The data Block Start

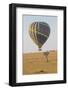 Africa, Kenya, Masai Mara National Reserve. Hot air balloon over savannah.-Emily Wilson-Framed Photographic Print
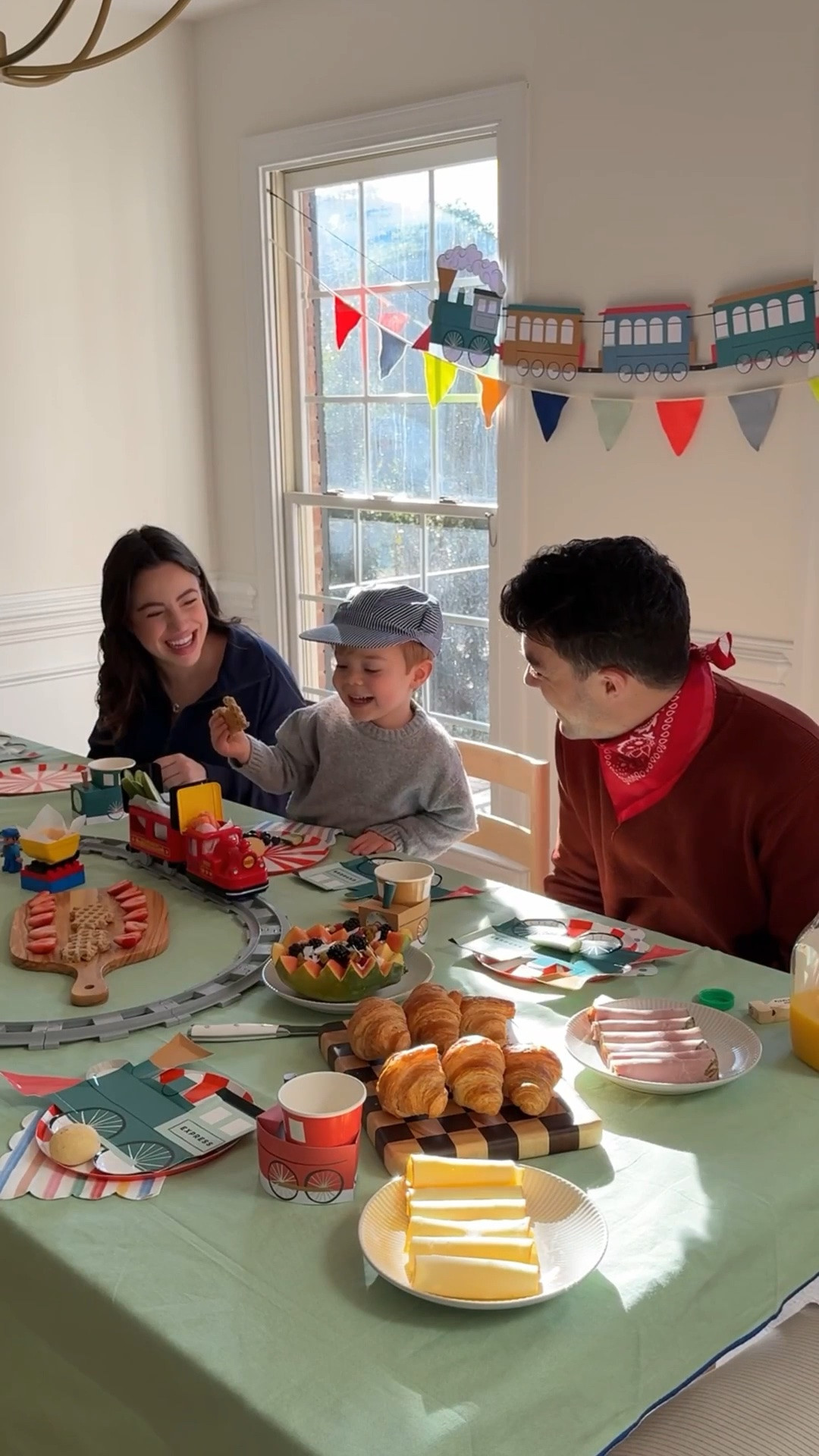 Breakfast is much more exciting when there is a train involved. Matteo had the best time with this setup. It was such a simple way to brighten up the start of our day!

breakfast ideas, toddler meal, meal prep, kids food, surprise birthday party, mom hacks, train set decor, amazon finds

#LTKHome #LTKfoodie #LTKKids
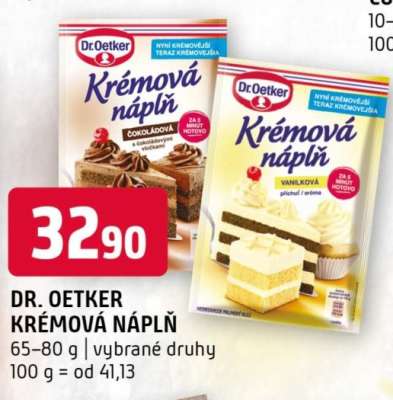 Dr. Oetker Krémová náplň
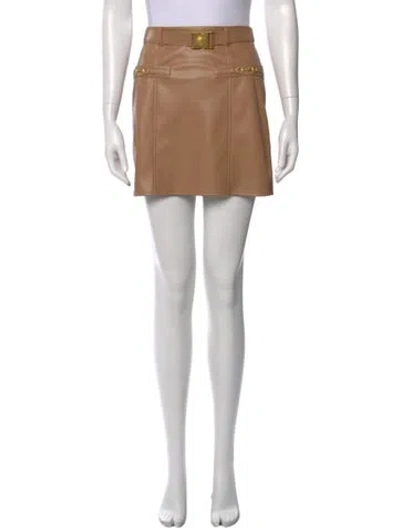Pre-owned L'agence Mini Skirt In Neutral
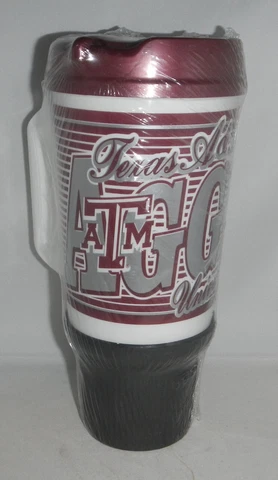 NEW Texas A&M University TAMU Aggies Plastic Whirley Mug Cup GM-20 32oz Cover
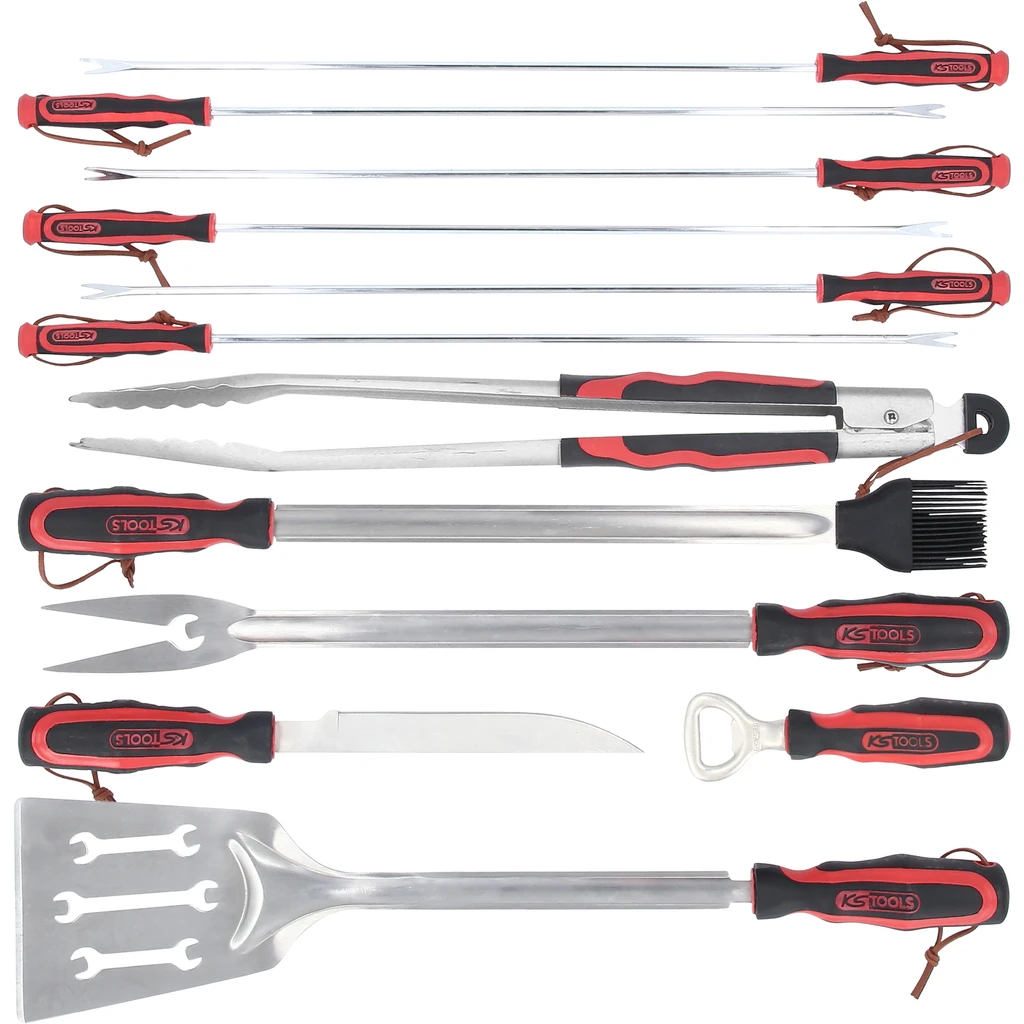 Súprava na grilovanie, 12-dielna KS Tools 100088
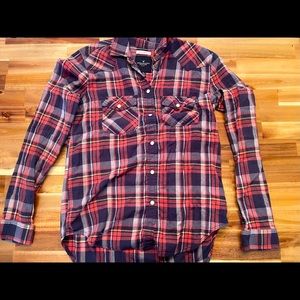 American Eagle Red Flannel Size XS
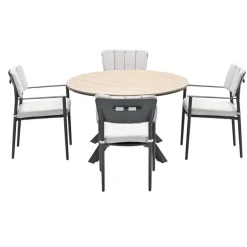 Garden Impressions Dane tuinset 5-delig - Tulli tuintafel Ø122 cm Outlet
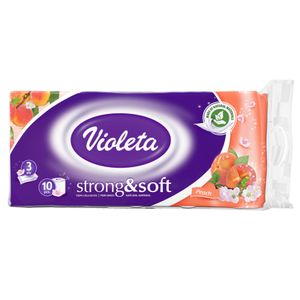 Violeta Toaletni papir 10/1, 3-sloja, strong&soft breskva
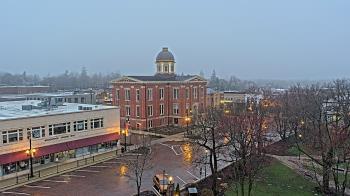 Weather camera view of City of Woodstock.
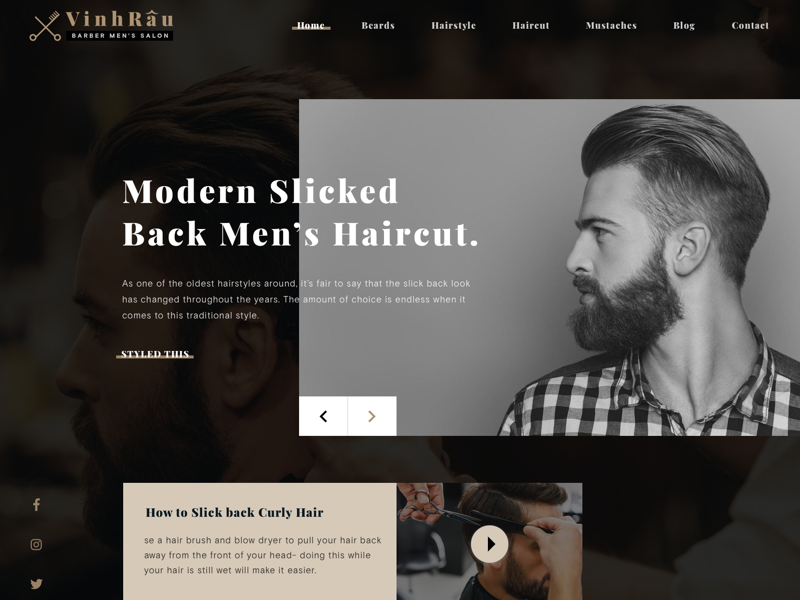Vinh Rau Men S Salon By Tim Cao On Dribbble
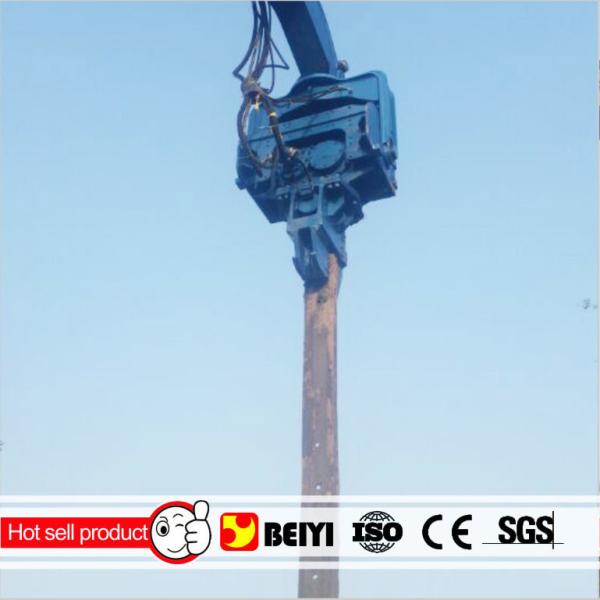 Beiyi V330 Good Performance Hydraulic Excavator Mounted Vibratory Piling Hammer
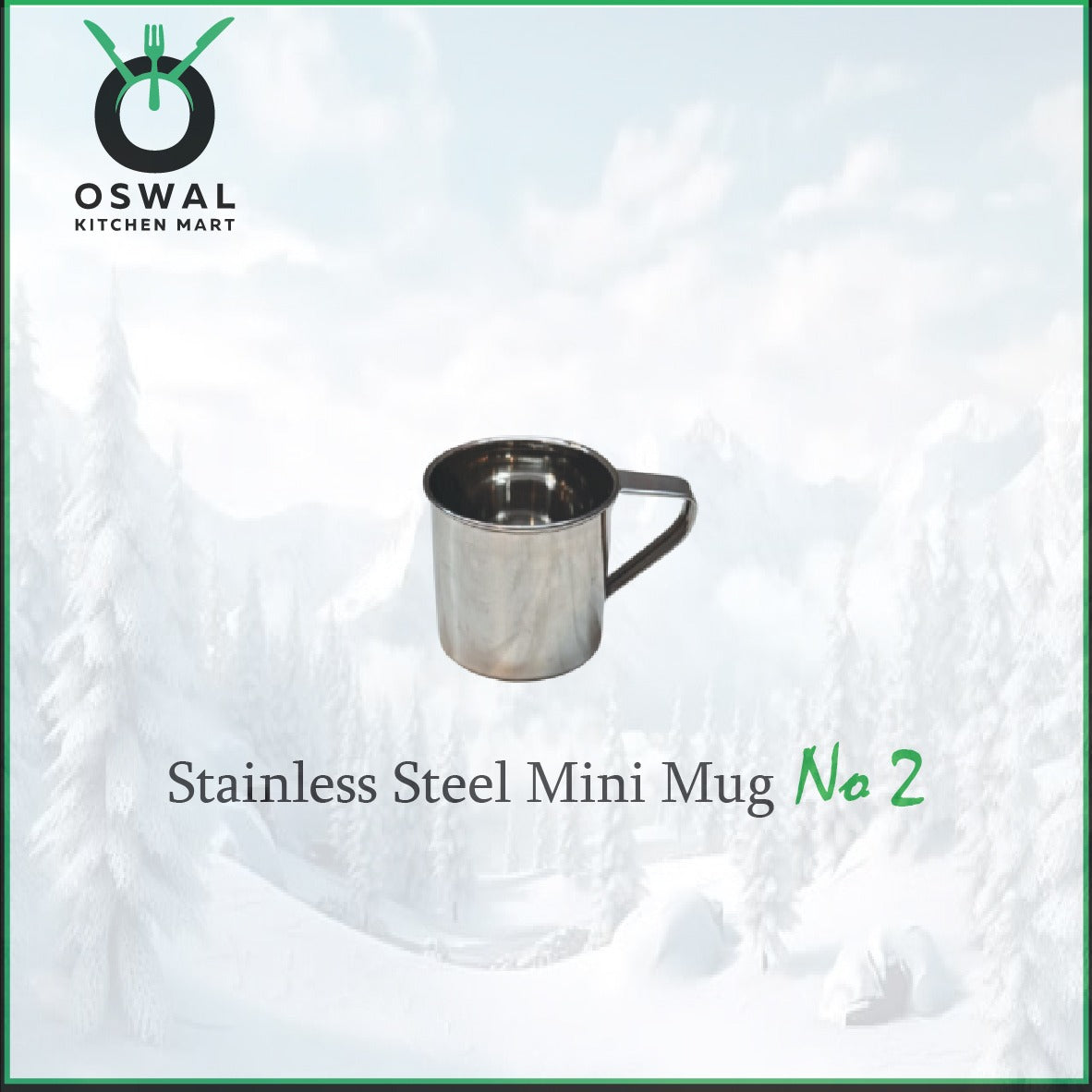 Stainless Steel Mini Mug – 220 ml (Approx) | 3 Inch Height & Diameter | Compact Steel Tea Cup| Pack of 1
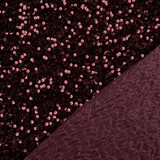 Velours à Sequins Bordeaux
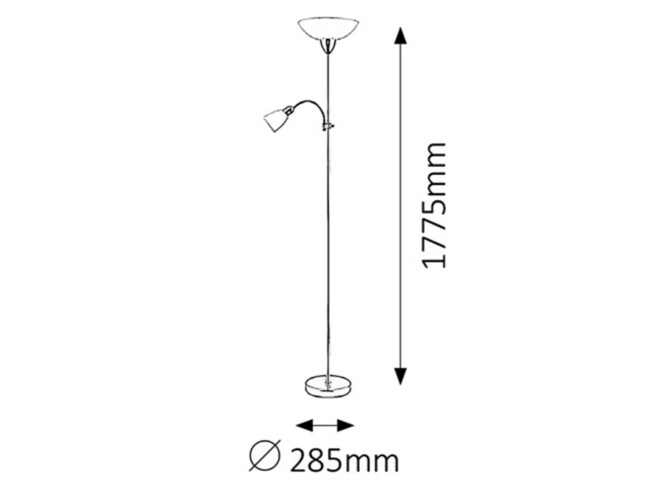 Svietidlo DIANA - E27/G45/60W+E14/40W, IP20 - 4067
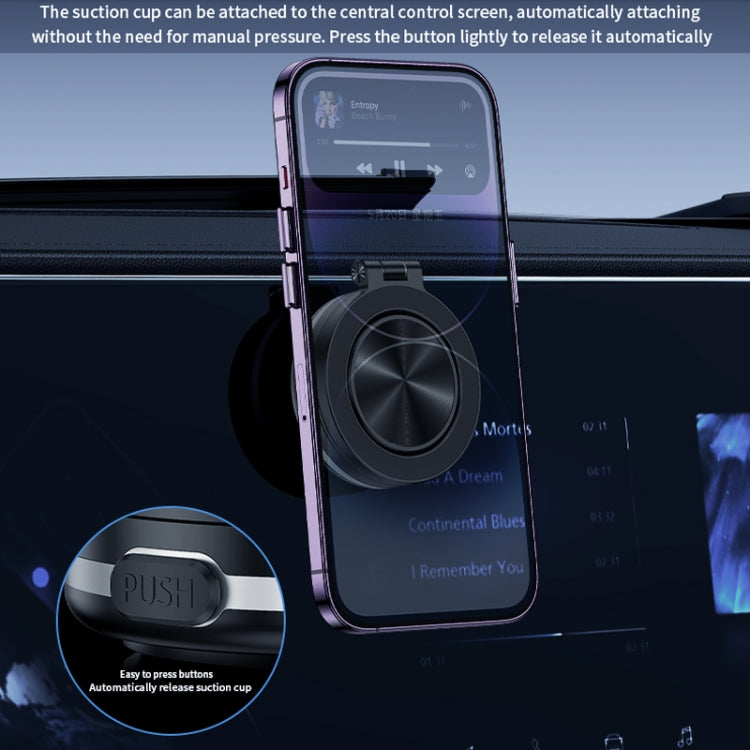 AIMITE C1 Vacuum Adsorption Foldable Magnetic Support Bracket Car Cell Phone Holder(Silver) - free shipping - PMC Jewellery - Order now!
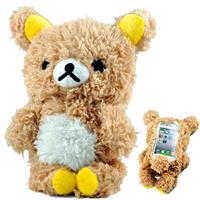 轻松小熊 rilakkuma iPhone4手机套 保护套 (附贴膜)-紫色小熊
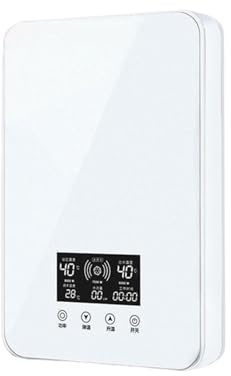 Electric Water Heater Instantaneous Fast Heating Household Bathroom Shower Small Bath Machine Kitchen Energy Saving(White-English Panel)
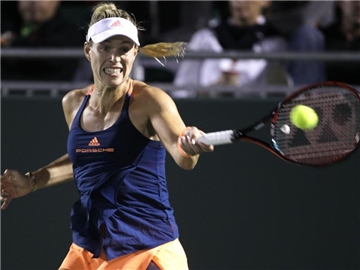 Angelique Kerber erreichte in Miami die dritte Runde. Foto: Luis M. Alvarez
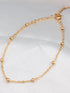 Beaded Titanium Steel Anklet Bracelet for Women – Adjustable Minimalist Ankle Jewelry in Silver, Gold, Rose Gold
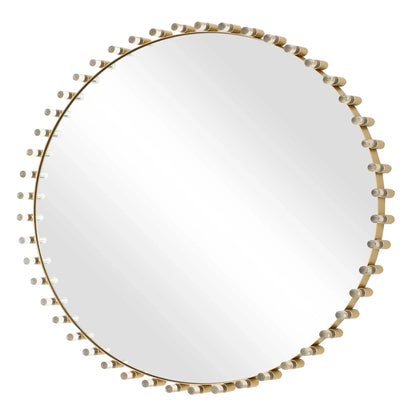 Brass Round Mirror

The data Block End

| What you need to do |
Quote, exactly and only, the lines from the first line of the data above through the line containing "Breakfast is much". The pictures do not belong in it.

| Exercise output |
 Africa, Kenya, Masai Mara National Reserve. Hot air balloon over savannah.-Emily Wilson-Framed Photographic Print
 Breakfast is much more exciting when there is a train involved. Matteo had the best time with this setup. It was such a simple way to brighten up the start of our day!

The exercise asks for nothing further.